Connecting with clients on social media has a number of attractive benefits for a business. Statistics from Twitter suggest that 24% of job seekers form negative opinions of companies that do not have a social media presence. Luddites may be shaking their heads but the statistics speak for themselves:
- On Saturday 4th August 2015 a record breaking 143,199 tweets per second were recorded in Japan
- In the time it took us to write the above introduction over 700,000 tweets were sent across the globe
- There are now 380 million LinkedIn users
- 1.96 billion people are currently using social media across the globe, this figure is expected to rise to 2.44 billion in 2018
It goes without saying that an employer should ensure that they are protected against any issues which may arise from the use of popular social media platforms, such as LinkedIn, Facebook, Twitter and other sites that you have never even heard of. Social media is as diverse, innovative and dexterous as its users. It is a seemingly symbiotic relationship – we change social media and social media changes us.
The opportunities for misuse and theft are plentiful and the law is still playing catch up, especially in the area of LinkedIn contacts and breach of an employee’s duty of confidentiality and his or her post-termination restrictions.
Who owns LinkedIn contacts? The employee who sets up a “personal” LinkedIn account? Or are the contact details of the LinkedIn connections the property of the employer? More importantly, are LinkedIn contacts capable of being protected by confidentiality and post-termination restrictions in an employment contract? We do not have a definitive answer to these questions as the case law to date turns very much on the individual facts, so much so that in the recent case of British Waterways Board v Smith the Employment Appeal Tribunal expressly refrained from laying down guidelines. Judging from the cases below the answer may be found by considering the following questions:
- Is LinkedIn a client list that retains “confidentiality” and thus protected by contractual and/or common law duty of confidentiality?
- Or is it a database protected by the Copyright and Database Regulations 1997?
In any event, the decisions below are indications of where the courts and tribunals have drawn the line.
In Hays Specialist Recruitment an ex-employee argued that client contracts built up on his personal LinkedIn page belonged to him as the website terms and conditions stated that ownership of the account is personal to the account holder. The High Court held that the former employee was in breach of the restrictive covenants in his contract by copying and retaining confidential information which related to the employer’s business and ordered the ex-employee to hand over the client contacts to the employer.
Although not a LinkedIn contact list, in Pennwell Publishing (UK) v Ornstein (2007) the court held that a contact list stored on the employer’s IT system, such as Outlook, belonged to the employer both as a matter of common law and as a database under the Copyright and Database Regulations 1997. The latter provided that there was “a substantial investment in obtaining verifying or presenting the content of the database” and the database had to be “arranged in a systematic or methodical way and individually accessible by electronic and other means”. However, it is still unclear whether a LinkedIn contact list on a personal LinkedIn account will amount to a database owned by the employer.

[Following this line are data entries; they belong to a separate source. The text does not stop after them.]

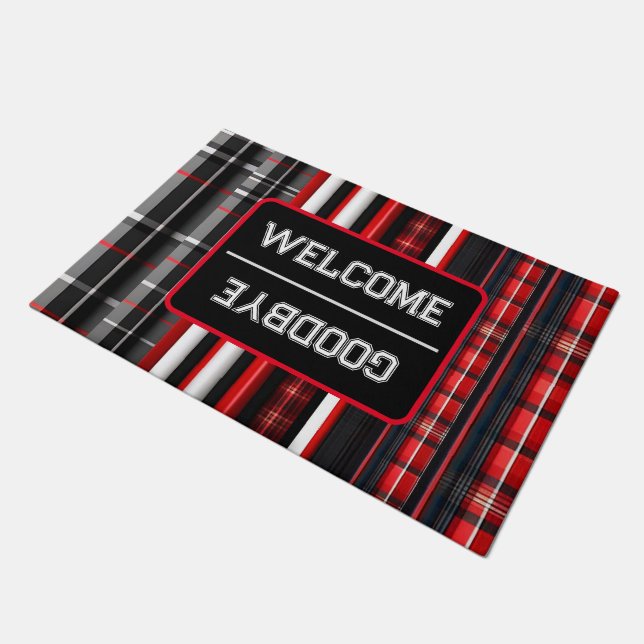 Red Black Abstract Plaid Trendy Collection Doormat (Angled)
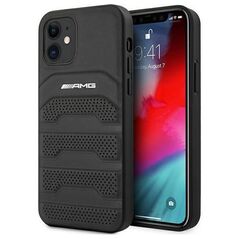 Case IPHONE 12 MINI Mercedes AMG Hardcase Leather Debossed Lines (AMHCP12SGSEBK) black 3666339013929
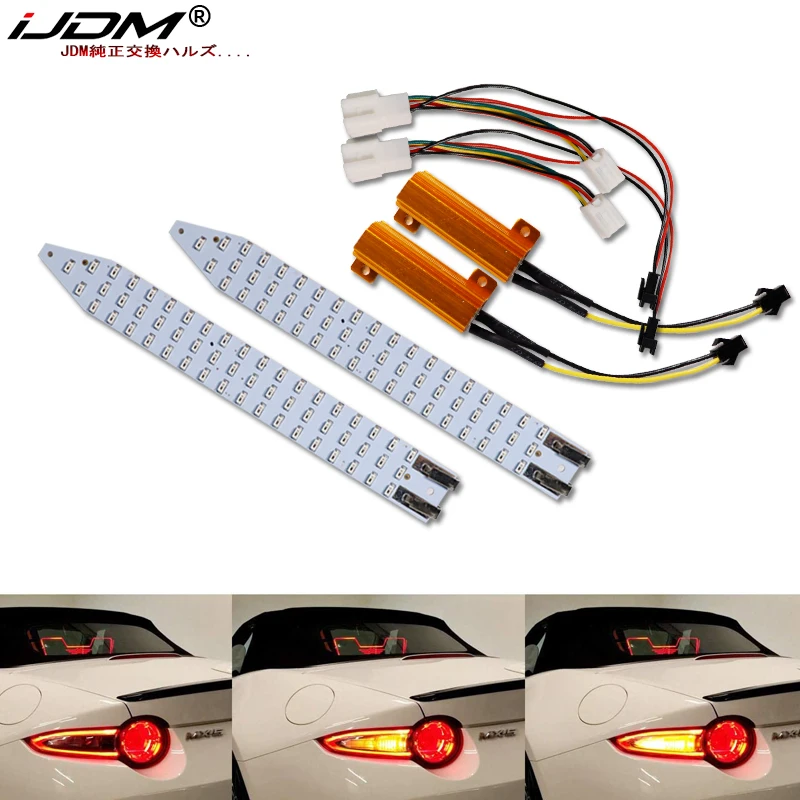 iJDM For Mazda MX-5 MK4 ND 2016-2021 Full LED Amber Red Sequential Dynamic Tail Turn Signal Light Rear Taillamp Kit Canbus 12V
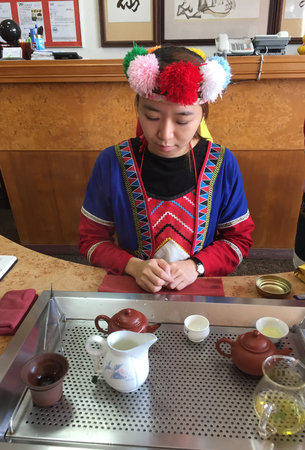 Taipei, Taiwan - Mar 13, 2015. A young man making Oolong tea at teahouse in Taipei, Taiwan.のeditorial素材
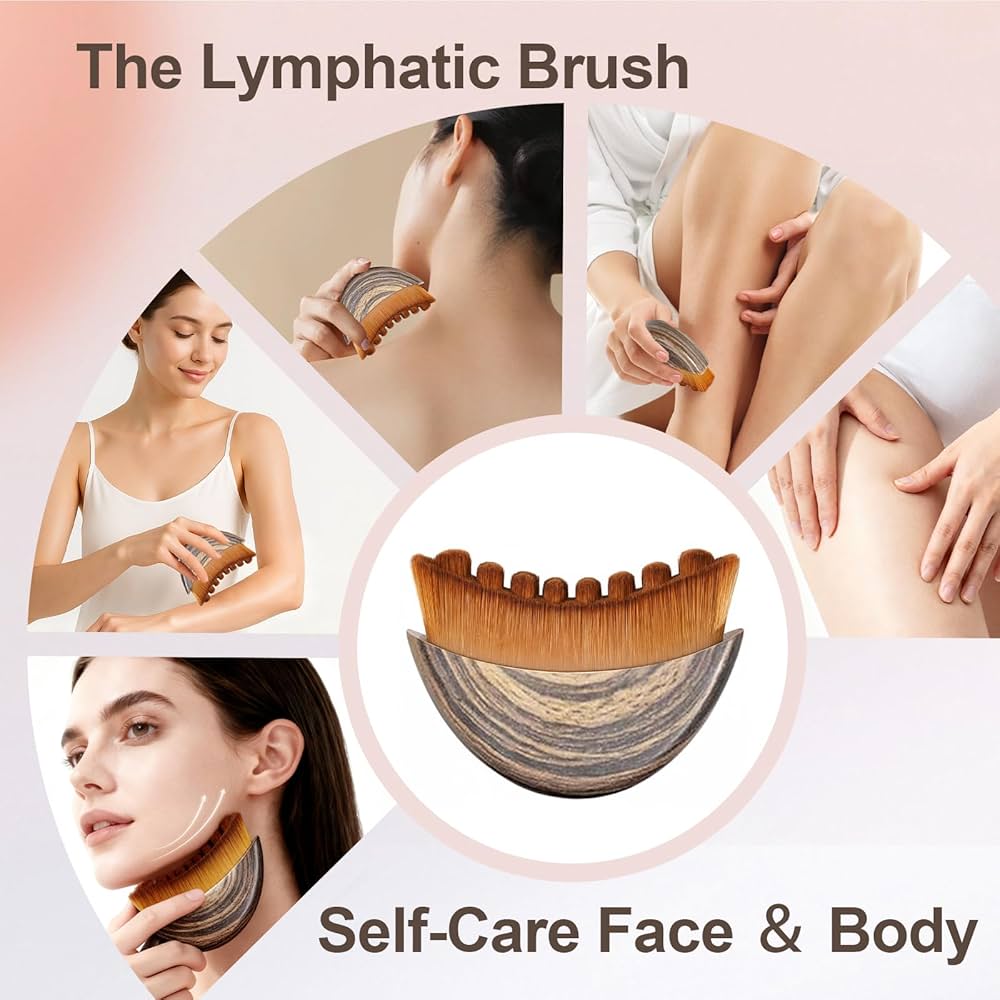 Problems Solved contour face brush for lymphatic drainage, natural makeup application, manual massage tool with soft bristles.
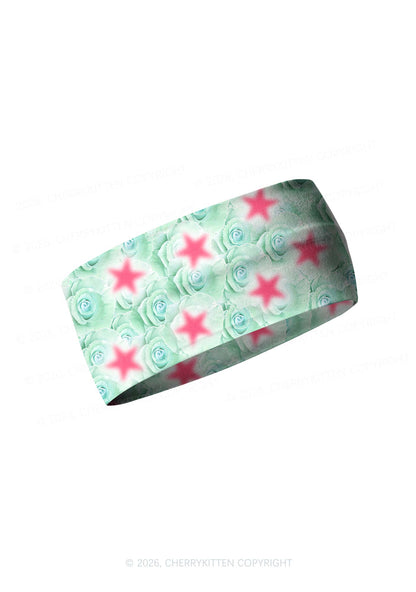 Mint Green Rose Pink Star Y2K Print Headband Cherrykitten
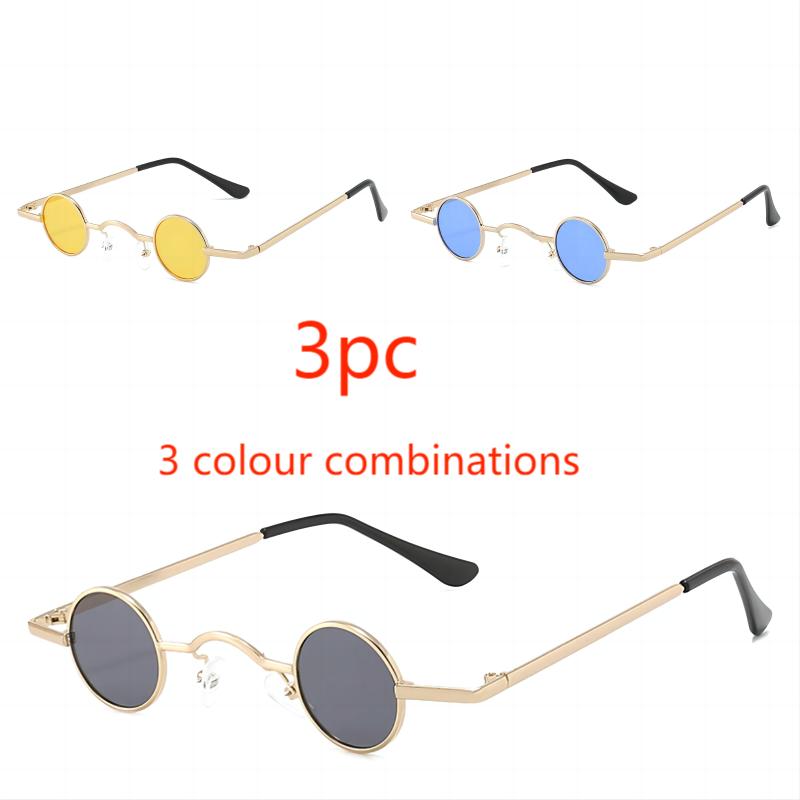 Round Punk Sunglasses With Extra Small Frames Funny Hip Hop Mini Glasses Party And Dance Accessories Women'S Trendy Streetwear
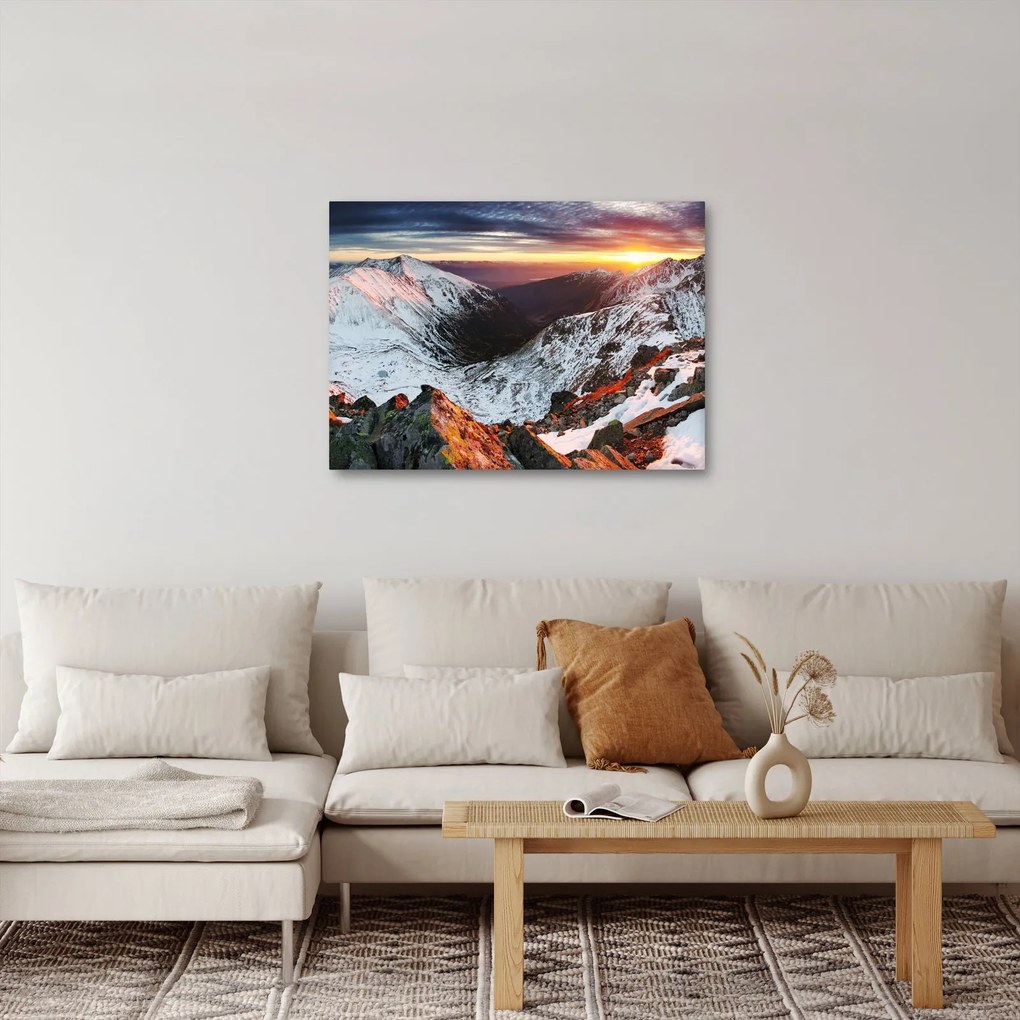Kép - Téli hegyi panoráma (70x50 cm)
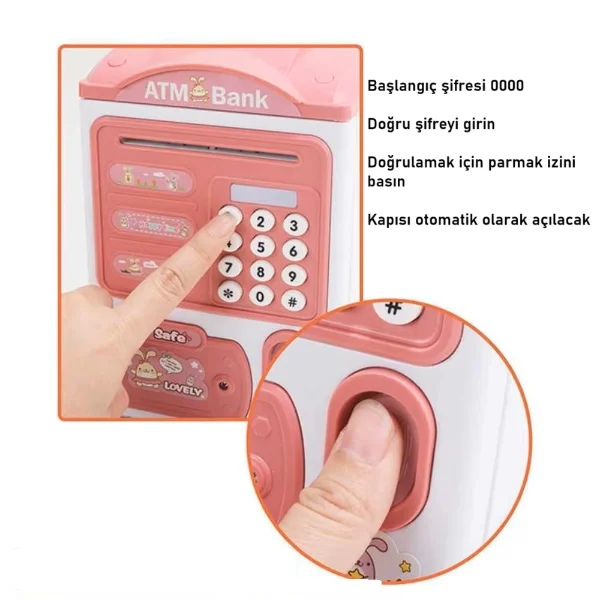 Parmak İzi ve Şifreli Elektronik ATM Kumbara görsel 2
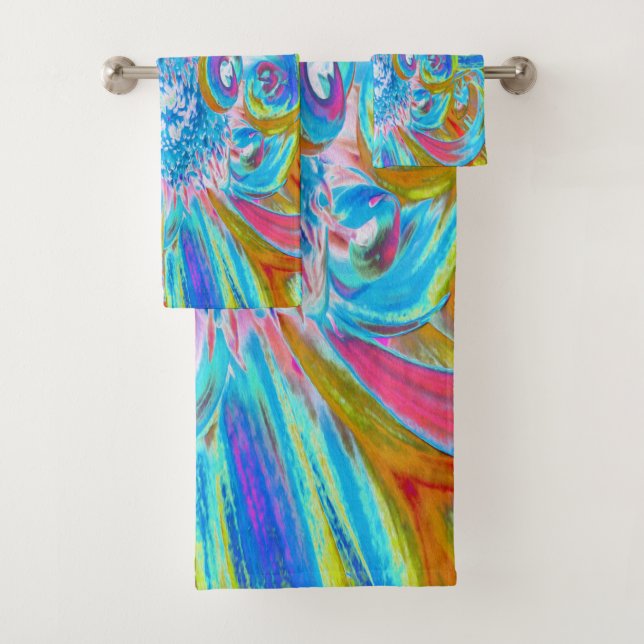 Festive Chartreuse and Blue Dahlia Flower Petals Bath Towel Set (Insitu)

In Whitmar Publications v Gamage a former employee was responsible for managing four LinkedIn groups. Three days after leaving employment, she used the groups to access lists of client contacts. The High Court ordered the ex-employee to provide her former employer with exclusive control over the groups, despite the fact that she claimed that the groups were for personal use and just a hobby.
A point that is sometimes misconstrued is that social media makes your relationship with your clients more fragile and therefore more necessary and legitimate for you to seek to protect this relationship by covenant. In East England Schools v Palmer the ex-employee recruitment consultant argued that the restrictive covenants were unenforceable because
- she had not built up close relationships with her contacts; and
- in the wake of the social media age, there are no trade secrets, because the recruitment information is “out there”; and
- that candidates and clients are loyal to no one.
The court rejected the claimant’s arguments and held that as a result of building up the business relationships, the candidates and schools had at least some loyalty to her personally. She had also acquired valuable information about their personalities, likes and dislikes to such an extent that there was sufficient legitimate interest on the employer’s part to enforce the restrictive covenants.
All of the above gives plenty of food for thought and we eagerly await the outcome of further litigation in this particular area. If well drafted, restrictive covenants and social media policies can provide an employer with not only an effective tool but hopefully also peace of mind when an employee is out the door. However, there are strict rules around restrictive covenants and courts will not always enforce them. Therefore you should seek legal and drafting advice on both the restrictive covenants in your employment contract and any social media policy, to ensure that you are fully protected.